Opinion
No. 20080068.
December 8, 2009.
David J. Crapo, Layne T. Smith, Salt Lake City, for petitioner.
Mark L. Shurtleff, Att'y Gen., Clark L. Snelson, Asst. Att'y Gen., Salt Lake City, for respondent.
INTRODUCTION
¶ 1 The Union Oil Company of California (Unocal) petitioned this court for review of a Utah State Tax Commission (Tax Commission) decision holding that Unocal was not entitled to a refund of severance tax payments. We affirm the decision of the Tax Commission in part and reverse in part.
PROCEDURAL BACKGROUND
¶ 2 In 1997, Unocal filed for a refund of the severance taxes it paid for the years 1994 through 1997. The Commission paid the refund, then sent it to the Auditing Division to be audited. The Auditing Division determined that the original tax filings were correct, and that the refund had been provided in error. Consequently, in 2000 the Auditing Division sent Unocal a deficiency notice for the 1994-1997 period (First Assessment Period). Unocal petitioned for a redetermination, which the Tax Commission stayed pending the resolution of a severance tax appeal by ExxonMobil, which was then pending before us. Unocal filed an amicus brief in the ExxonMobil matter. We issued our opinion in November of 2003 in favor of ExxonMobil. In the opinion we expressly limited any retroactive application to ExxonMobil. ExxonMobil Corp. v. Utah State Tax Comm'n, 2003 UT 53, 86 P.3d 706. Several amici parties, including Unocal, petitioned for rehearing seeking full retroactive application of the decision. We denied rehearing.
¶ 3 In 2004, the Auditing Division issued a second severance tax deficiency notice to Unocal, along with a conservation fee deficiency notice, for the years of 1998 and 1999 (Second Assessment Period). Unocal appealed the new deficiency assessment to the Tax Commission. The Tax Commission consolidated the appeal with Unocal's first pending appeal and held a formal hearing in 2007.
FACTUAL BACKGROUND
¶ 4 During the period of January 1994 to June 1999, Unocal was the designated Unit Operator for oil and gas production from the Lisbon Unit, located in San Juan County, Utah. The Lisbon Unit is comprised of federal and state oil and gas leases. Unocal operated multiple wells within the Lisbon Unit and operated a processing facility, the Lisbon Plant, just outside the legal parameters of the Unit. The oil and gas extracted from within the Lisbon Unit was "sour," meaning that it included various contaminants, including several natural gas liquids (NGLs) that could be separated out and sold. The audits at issue in this review involve the production of oil, gas, and NGLs from the Lisbon Unit.
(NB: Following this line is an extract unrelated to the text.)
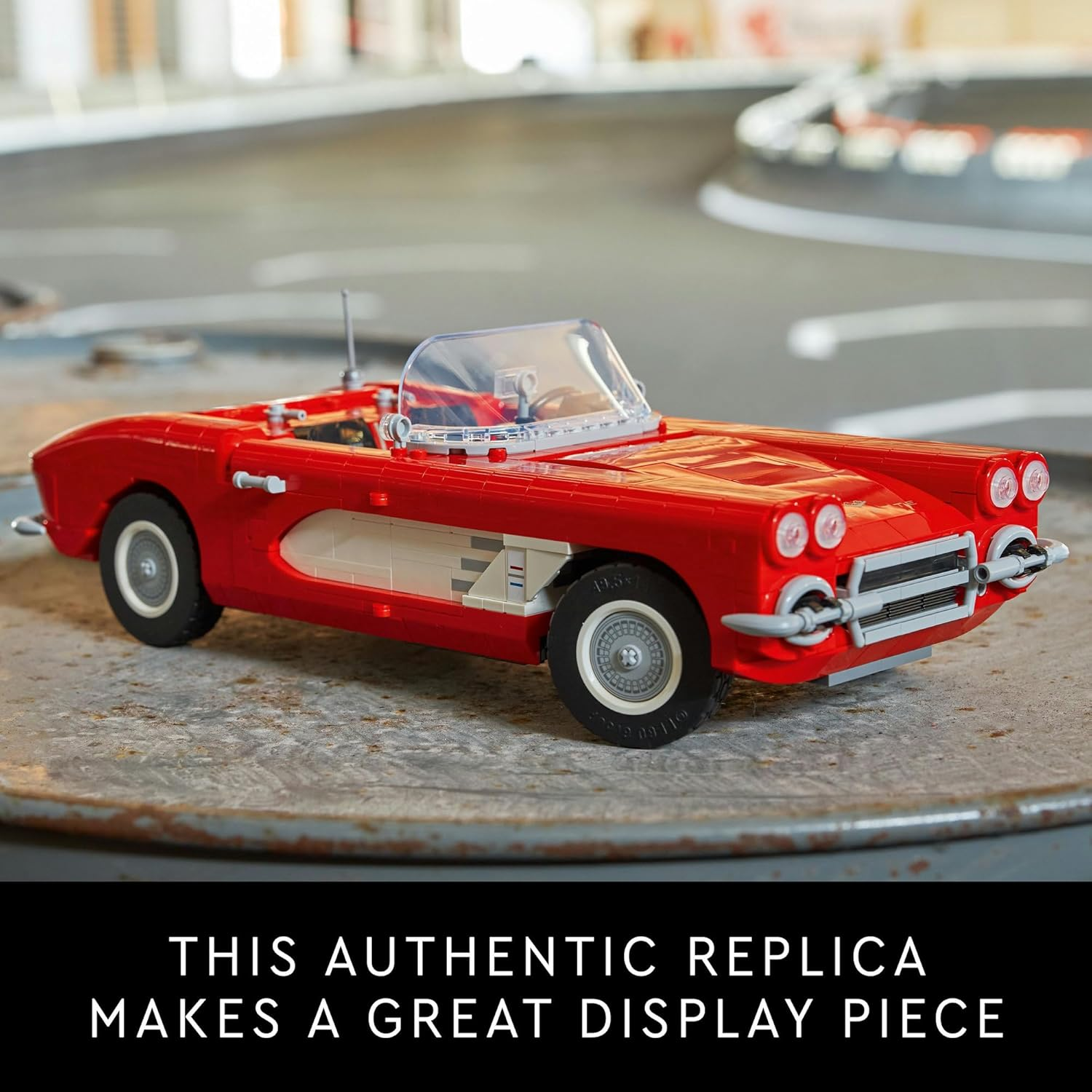 LEGO&reg; Icons Corvette 10321 Building Kit for Adults; Toys Idea for Classic Car Lovers; Build a Replica of an Iconic American Automobile image number 5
¶ 5 Unocal was required by state statute to pay severance taxes on the value of the oil and gas it extracted under its lease agreements. See Utah Code Ann. §§ 59-5-101 to -215 (2000). The statute provided the details for valuing the oil and gas for taxation purposes, including allowing for several valuation methods. Id. § 59-5-102. For the First Assessment Period, Unocal valued the oil and gas at the point of sale in its original severance tax calculations, but later filed for a refund based on calculations using the net-back valuation method. Though the Tax Commission initially paid the refund, the Auditing Division determined that the refund was in error and issued a deficiency notice using different valuation methods — the contract prices at the Lisbon Plant tailgate for the oil and gas, and the net-back method for the NGLs. The NGL calculation included a processing costs allowance of two-thirds. For the Second Assessment Period, Unocal used the net-back method of valuation. The Auditing Division issued a deficiency notice, relying on the posted prices for "sweet" oil produced in a different field and using the tailgate sale price for the gas and NGLs.
These sections have since been amended. We cite to the version in effect during the relevant time period.
¶ 6 In addition, Unocal was eligible for a statutory annual tax exemption on the combined taxable value of its oil, gas, and NGLs. The Auditing Division applied the full tax exemption in 1998 and prorated the exemption at fifty percent in 1999 because Unocal was the Lisbon Unit operator only until June 1999.
¶ 7 Unocal challenges the Auditing Division's tax valuation methods and the proration of the annual exemption.
STANDARD OF REVIEW
¶ 8 We review the Tax Commission's interpretation of case law and statutes for correctness, according the Tax Commission no deference. See ExxonMobil Corp. v. Utah State Tax Comm'n, 2003 UT 53, ¶ 10, 86 P.3d 706.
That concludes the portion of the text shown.